Since the High Court was bound by the law, which exempts husbands from being tried or punished for raping their wives by creating the legal fiction that all sex within marriage is consensual, no other conclusion was open to the Court. Notwithstanding this, the discrepancies and failings of Indian criminal law, highlighted by the judgment, deserve scrutiny.
First, the marital rape exception is inconsistent with other sexual offences, which make no such exemption for marriage. Thus, a husband may be tried for offences such as sexual harassment, molestation, voyeurism, and forcible disrobing in the same way as any other man. A husband separated from his wife (though not divorced) may even be tried for rape (Section 376B). A husband may be charged and tried for non-consensual penetrative sexual interactions other than penile-vaginal penetration with his wife under Section 377 (prior to the decision of the Supreme Court in Navtej Singh Johar v.
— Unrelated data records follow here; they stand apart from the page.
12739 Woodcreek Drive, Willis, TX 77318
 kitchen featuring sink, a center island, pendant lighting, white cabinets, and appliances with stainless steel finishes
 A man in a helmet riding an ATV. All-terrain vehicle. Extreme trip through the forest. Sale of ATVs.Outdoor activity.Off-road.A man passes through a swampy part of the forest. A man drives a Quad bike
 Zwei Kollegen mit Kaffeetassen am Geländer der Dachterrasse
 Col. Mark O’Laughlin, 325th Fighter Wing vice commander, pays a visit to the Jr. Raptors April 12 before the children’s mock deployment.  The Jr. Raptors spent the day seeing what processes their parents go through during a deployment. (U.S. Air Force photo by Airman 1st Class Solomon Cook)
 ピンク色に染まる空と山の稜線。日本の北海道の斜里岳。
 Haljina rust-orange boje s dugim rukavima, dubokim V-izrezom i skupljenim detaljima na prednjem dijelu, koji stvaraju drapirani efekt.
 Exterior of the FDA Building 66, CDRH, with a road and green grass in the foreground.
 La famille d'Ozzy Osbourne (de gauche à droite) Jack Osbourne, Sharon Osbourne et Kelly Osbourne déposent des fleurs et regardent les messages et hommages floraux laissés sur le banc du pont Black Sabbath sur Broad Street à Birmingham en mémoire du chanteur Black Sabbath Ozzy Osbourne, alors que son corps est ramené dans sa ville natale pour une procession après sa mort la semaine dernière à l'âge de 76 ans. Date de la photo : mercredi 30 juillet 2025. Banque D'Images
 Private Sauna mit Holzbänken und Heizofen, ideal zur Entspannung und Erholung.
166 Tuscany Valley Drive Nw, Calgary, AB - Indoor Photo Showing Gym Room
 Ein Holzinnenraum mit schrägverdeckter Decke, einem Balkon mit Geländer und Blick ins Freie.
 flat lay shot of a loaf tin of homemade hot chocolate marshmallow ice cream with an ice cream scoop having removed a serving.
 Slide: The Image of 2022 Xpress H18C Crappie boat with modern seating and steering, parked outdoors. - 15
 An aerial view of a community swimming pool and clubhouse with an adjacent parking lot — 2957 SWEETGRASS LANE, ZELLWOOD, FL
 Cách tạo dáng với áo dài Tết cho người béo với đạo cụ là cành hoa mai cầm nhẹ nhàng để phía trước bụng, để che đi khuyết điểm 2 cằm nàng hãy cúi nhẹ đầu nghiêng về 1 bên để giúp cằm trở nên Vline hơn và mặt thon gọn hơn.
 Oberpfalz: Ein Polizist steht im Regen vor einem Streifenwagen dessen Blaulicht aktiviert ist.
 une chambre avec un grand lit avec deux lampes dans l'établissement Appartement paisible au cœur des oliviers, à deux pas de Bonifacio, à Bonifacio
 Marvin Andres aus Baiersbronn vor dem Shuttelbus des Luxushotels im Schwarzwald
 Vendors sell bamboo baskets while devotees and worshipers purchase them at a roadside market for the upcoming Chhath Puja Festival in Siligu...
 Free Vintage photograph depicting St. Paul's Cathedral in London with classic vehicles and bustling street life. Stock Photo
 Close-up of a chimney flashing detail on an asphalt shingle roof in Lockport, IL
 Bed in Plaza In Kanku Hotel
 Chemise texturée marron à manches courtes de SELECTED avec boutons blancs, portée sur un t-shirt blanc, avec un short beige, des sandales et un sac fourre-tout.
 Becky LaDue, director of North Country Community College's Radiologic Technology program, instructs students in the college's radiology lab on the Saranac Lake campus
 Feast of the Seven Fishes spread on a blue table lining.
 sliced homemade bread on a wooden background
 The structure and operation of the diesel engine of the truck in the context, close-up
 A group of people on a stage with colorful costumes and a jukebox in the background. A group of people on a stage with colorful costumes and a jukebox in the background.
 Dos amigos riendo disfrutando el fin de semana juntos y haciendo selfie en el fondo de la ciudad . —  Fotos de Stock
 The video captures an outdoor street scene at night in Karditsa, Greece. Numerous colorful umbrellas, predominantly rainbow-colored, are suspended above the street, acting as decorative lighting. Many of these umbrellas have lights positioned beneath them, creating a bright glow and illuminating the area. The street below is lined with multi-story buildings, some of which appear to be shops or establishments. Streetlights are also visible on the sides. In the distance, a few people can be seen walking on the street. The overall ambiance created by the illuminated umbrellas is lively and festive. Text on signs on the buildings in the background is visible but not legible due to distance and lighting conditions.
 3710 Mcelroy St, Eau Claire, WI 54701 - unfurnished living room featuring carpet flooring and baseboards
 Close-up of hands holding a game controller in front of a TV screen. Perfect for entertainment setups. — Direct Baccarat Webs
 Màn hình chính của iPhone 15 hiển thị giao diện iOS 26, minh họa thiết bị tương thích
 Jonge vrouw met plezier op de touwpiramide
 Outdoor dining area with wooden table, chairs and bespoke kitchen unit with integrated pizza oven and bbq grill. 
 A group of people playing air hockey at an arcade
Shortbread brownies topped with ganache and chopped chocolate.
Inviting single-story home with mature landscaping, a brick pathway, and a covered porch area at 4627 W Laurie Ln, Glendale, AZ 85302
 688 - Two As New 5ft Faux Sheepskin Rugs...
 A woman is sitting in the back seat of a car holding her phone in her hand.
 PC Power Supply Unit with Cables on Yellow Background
Union of India , 2018, consent or lack thereof was not relevant to Section 377, but it is now). As a result, penetrative intercourse that is penile-vaginal is protected from criminal prosecution when performed by a husband with his wife, even when done forcibly or without consent. If there is an underlying rationale to this extremely limited exemption, it is not immediately clear.
Second, the marital rape exception is an insult to the constitutional goals of individual autonomy, dignity and of gender equality enshrined in fundamental rights such as Article 21 (the right to life) and Article 14 (the right to equality). In Joseph Shine v. Union of India (2018), the Supreme Court held that the offence of adultery was unconstitutional because it was founded on the principle that a woman is her husband’s property after marriage. The marital rape exception betrays a similar patriarchal belief: that upon marriage, a wife’s right to personal and sexual autonomy, bodily integrity and human dignity are surrendered. Her husband is her sexual master and his right to rape her is legally protected.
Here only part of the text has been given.